# Spectral and singular value decompositions¶

## 6 Further observations¶

Course: Math 535 - Mathematical Methods in Data Science (MMiDS)
Author: Sebastien Roch, Department of Mathematics, University of Wisconsin-Madison
Updated: Sep 21, 2020

### 6.1 Condition numbers¶

In this section we consider condition numbers, a measure of the sensitivity to perturbations of certain numerical problems. We look in particular at the conditioning of the least-squares problem.

#### 6.1.1 Pseudoinverses¶

We have seen that the least-squares problem provides a solution concept for overdetermined systems. This leads to the following generalization of the matrix inverse.
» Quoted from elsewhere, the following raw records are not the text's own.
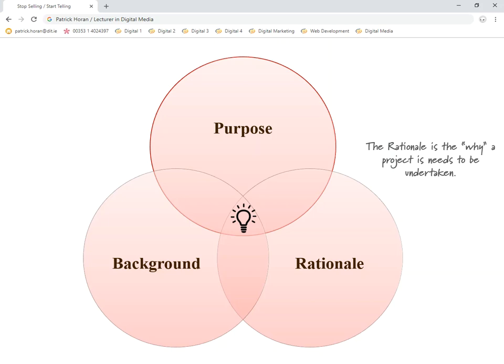For example, if the purpose is to promote cycling trails in Cork, the background would cover: are there many trails, is there a body promoting them, are there organizations or clubs to help? And the rationale asks: why is it important to do this? You might see huge demand with not enough information available. Are you promoting cycling, trying to sell something, providing customer service, or engaging cyclists in that region? These are the kinds of questions you've got to figure out when talking about your idea.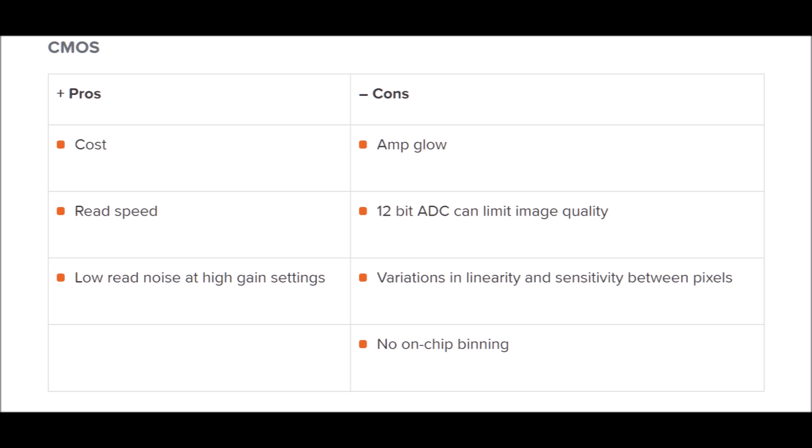Let's go over the main pros and cons for the CMOS camera compared to the CCD camera. I think the most important reason for people to buy a CMOS is the cost — CMOS cameras are relatively cheap compared to CCD cameras. For a lot of us doing astrophotography as a hobby, cost is a very big pro.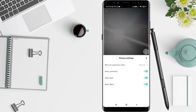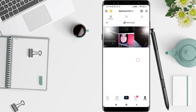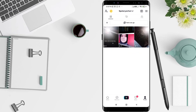Now go back to the profile to check whether the video is private or not. You can see the video is now private, and no one can see it. This is the tutorial on how to set privacy on videos that have been posted on TikTok for Android.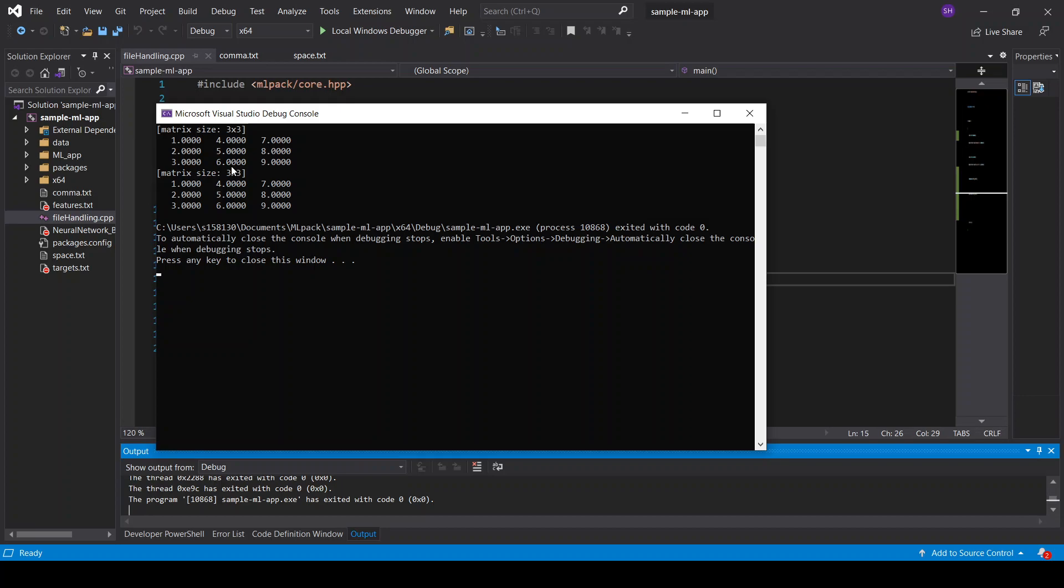So we can say that the MLPack is able to load text files with comma separated or space separated data in it.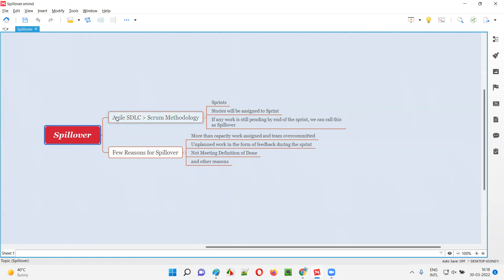But if I have to explain in detail, I have to go with the basics. There are several SDLC models, and different projects follow different SDLC models, like waterfall model, V model, RAD model, and so on. Agile SDLC model is one of them. Under Agile SDLC model, there are several methodologies like Scrum, Kanban, extreme programming, and so on. Scrum is one of the methodologies of Agile SDLC.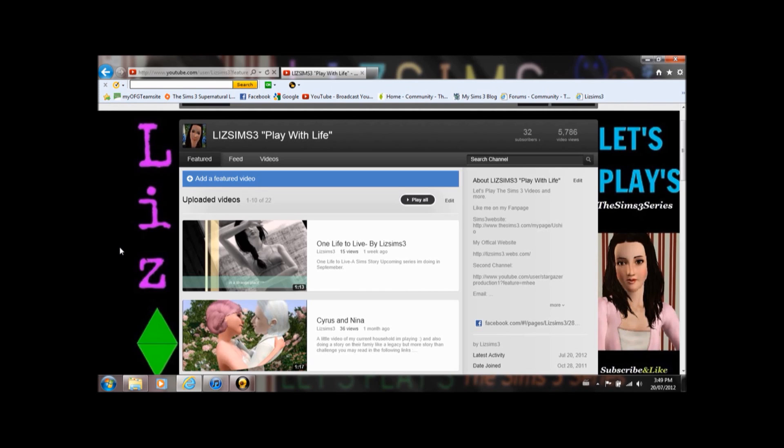Thank you for subscribing and watching my videos, and liking them, and comment on everything.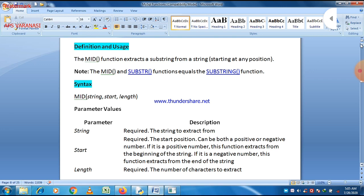The start value can be both a positive or a negative number. If a positive number, the function extracts from the beginning of the string. If a negative number, the function extracts from the end of the string. Length is required and is the number of characters to extract. So string and start are required, and length specifies the number of characters to extract.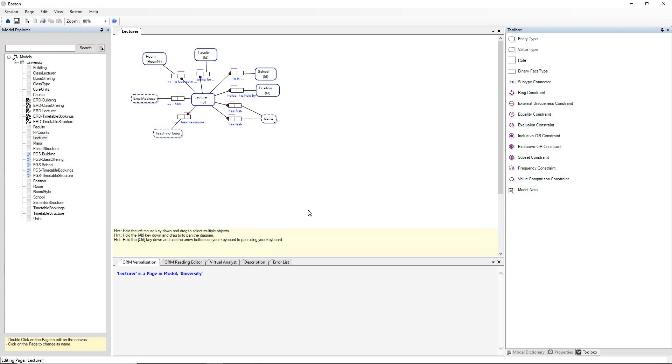We've got the Boston Conceptual Modeling Software open in front of us and a model is open called the University Model and there's a page open in the model which shows details about a lecturer.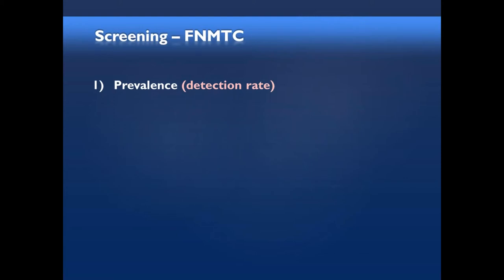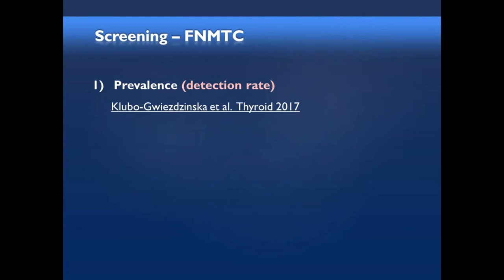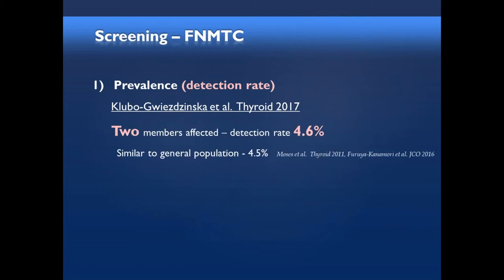we need a prospective screening project, and the study we're discussing now is the best in the literature, and only one of two. So what Johanna just presented: when you have two members affected in the family with thyroid cancer, if you do screening, you find thyroid cancer in 4.6%, which is about the same as you would find in the general population — about 4.5% on ultrasound.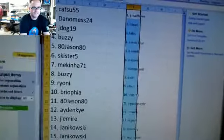J-Dog, Fails, Buzzy, Red, Blue Parallel, 80 Jason 80 Smith, Skister Five, Ebron. Meck and Ha gets the Johnny Manziel.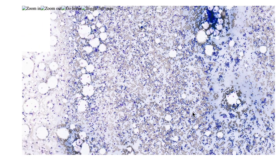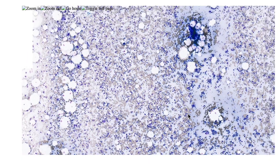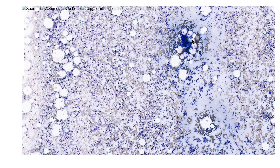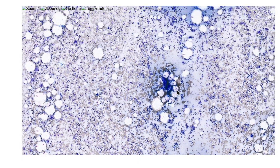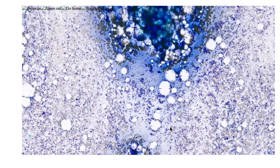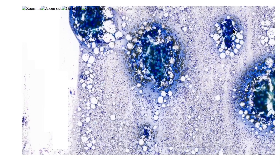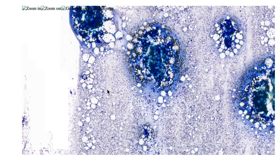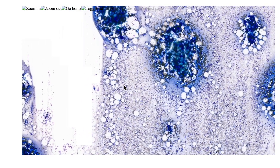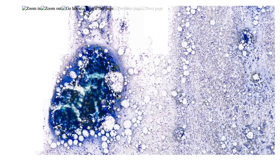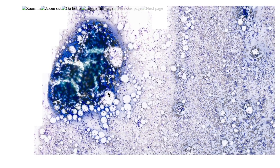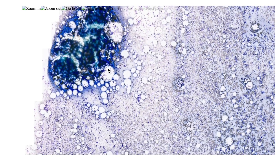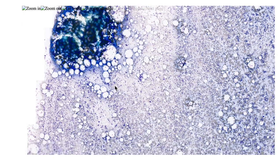So you can see there's a bone marrow aspirate. You can see the particles here — there's one more big particle here, a particle here, and a particle here. I'm not going to comment on the cellularity here because I do have a bone marrow biopsy as well. Biopsy is a better way to comment on the cellularity than the aspirate.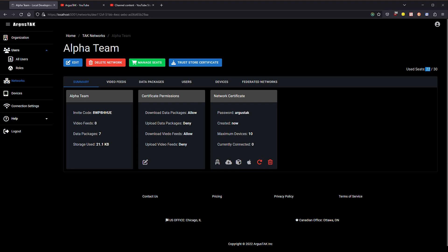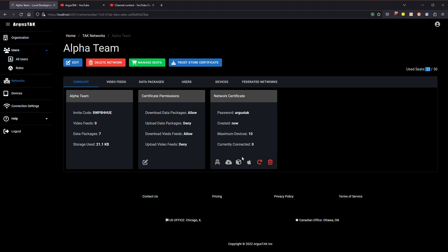I'm not sure if you noticed but my seat count went up by 10, my seats used went up by 10. So now with this you should share this one certificate and now 10 devices can use the same certificate concurrently which is kind of different from all other certificates in ArgusTAC which are tied to a specific device and are not meant to be shared.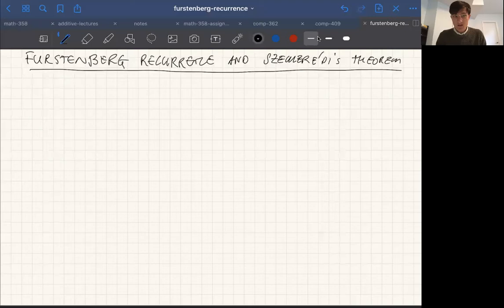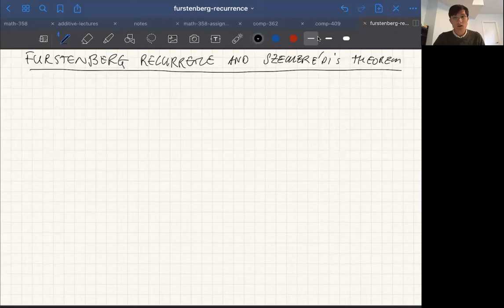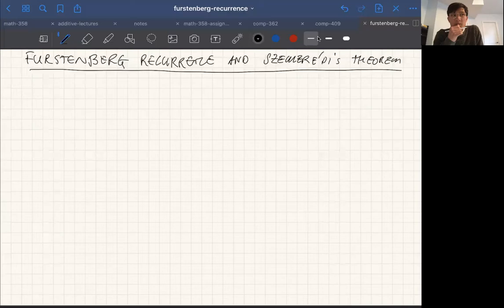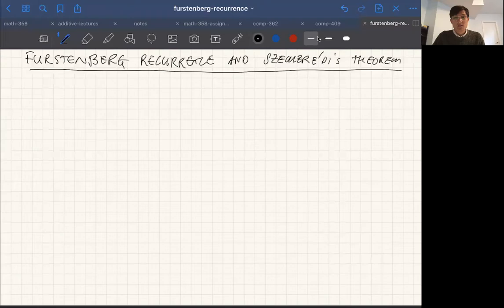In this video, we're going to talk about Szemerédi's theorem and its links to something called Furstenberg multiple recurrence, a theorem in dynamical systems and ergodic theory. It's an example of a general principle that links theorems in ergodic theory and dynamical systems with more combinatorial statements like Szemerédi's theorem. It's a harder video than the previous two. It needs quite a bit of analysis at an undergrad level, and I'll try to go pretty slowly and restate all the things from analysis that we'll need.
Definition (Pseudoinverse): Let $A \in \mathbb{R}^{n \times m}$ be a matrix with SVD $A = U \Sigma V^T$ and singular values $\sigma_1 \geq \cdots \geq \sigma_r > 0$. A pseudoinverse $A^+ \in \mathbb{R}^{m \times n}$ is defined as

$$A^+ = V \Sigma^+ U^T$$

where $\Sigma^+$ is the diagonal matrix with diagonal entries $\sigma_1^{-1}, \ldots, \sigma_r^{-1}$. $\lhd$

While it is not obvious from the definition (Exercise: Why? $\lhd$), the pseudoinverse is in fact unique. Note further that

$$A A^+ = U \Sigma V^T V \Sigma^+ U^T = U U^T$$

and

$$A^+ A = V \Sigma^+ U^T U \Sigma V^T = V V^T.$$

Three important cases:

1. In the square nonsingular case, both products are the identity and we necessarily have $A^+ = A^{-1}$ by the Existence of an Inverse Lemma.

2. If $A$ has full column rank $m \leq n$, then $r = m$ and $A^+ A = I_{m \times m}$.
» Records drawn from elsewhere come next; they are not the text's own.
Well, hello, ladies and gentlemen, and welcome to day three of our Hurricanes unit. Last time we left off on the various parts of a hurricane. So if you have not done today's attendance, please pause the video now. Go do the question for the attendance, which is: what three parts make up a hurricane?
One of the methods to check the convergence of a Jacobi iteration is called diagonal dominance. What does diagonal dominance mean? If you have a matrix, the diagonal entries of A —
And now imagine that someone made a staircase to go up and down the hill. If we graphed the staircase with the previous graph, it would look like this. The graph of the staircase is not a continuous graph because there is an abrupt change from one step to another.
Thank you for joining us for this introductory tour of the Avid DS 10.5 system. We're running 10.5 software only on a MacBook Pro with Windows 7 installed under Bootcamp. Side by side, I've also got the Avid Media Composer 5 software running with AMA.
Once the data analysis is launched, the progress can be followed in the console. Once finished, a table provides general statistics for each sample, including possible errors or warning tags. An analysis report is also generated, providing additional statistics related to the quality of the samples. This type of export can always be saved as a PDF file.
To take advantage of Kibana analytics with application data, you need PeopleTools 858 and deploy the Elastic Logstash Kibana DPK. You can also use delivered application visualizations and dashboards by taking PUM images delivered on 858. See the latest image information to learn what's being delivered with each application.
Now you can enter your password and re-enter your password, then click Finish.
3. If $A$ has full row rank $n \leq m$, then $r = n$ and $A A^+ = I_{n \times n}$.

In the second case above, we recover our solution to the least-squares problem in the overdetermined case.

Lemma (Pseudoinverse and least squares): Let $A \in \mathbb{R}^{n \times m}$ of full column rank $m$ with $m \leq n$. Then

$$A^+ = (A^T A)^{-1} A^T.$$

In particular, the solution to the least-square problem

$$\min_{\mathbf{x} \in \mathbb{R}^m} \|A \mathbf{x} - \mathbf{b}\|$$

is $\mathbf{x}^* = A^+ \mathbf{b}$.

Proof idea: We use the SVD definition and check that the two sides are the same.

Proof: We first note that $A^T A$ is nonsingular. Indeed, if $A^T A \mathbf{x} = \mathbf{0}$, then $\mathbf{x}^T A^T A \mathbf{x} = \|A\mathbf{x}\|^2 = 0$ so that $A \mathbf{x} = \mathbf{0}$ by the point-separating property of the vector norm. In turn, since the columns of $A$ are linearly independent by assumption, this implies $\mathbf{x} = \mathbf{0}$. Hence the columns of $A^T A$ are also linearly indepedent.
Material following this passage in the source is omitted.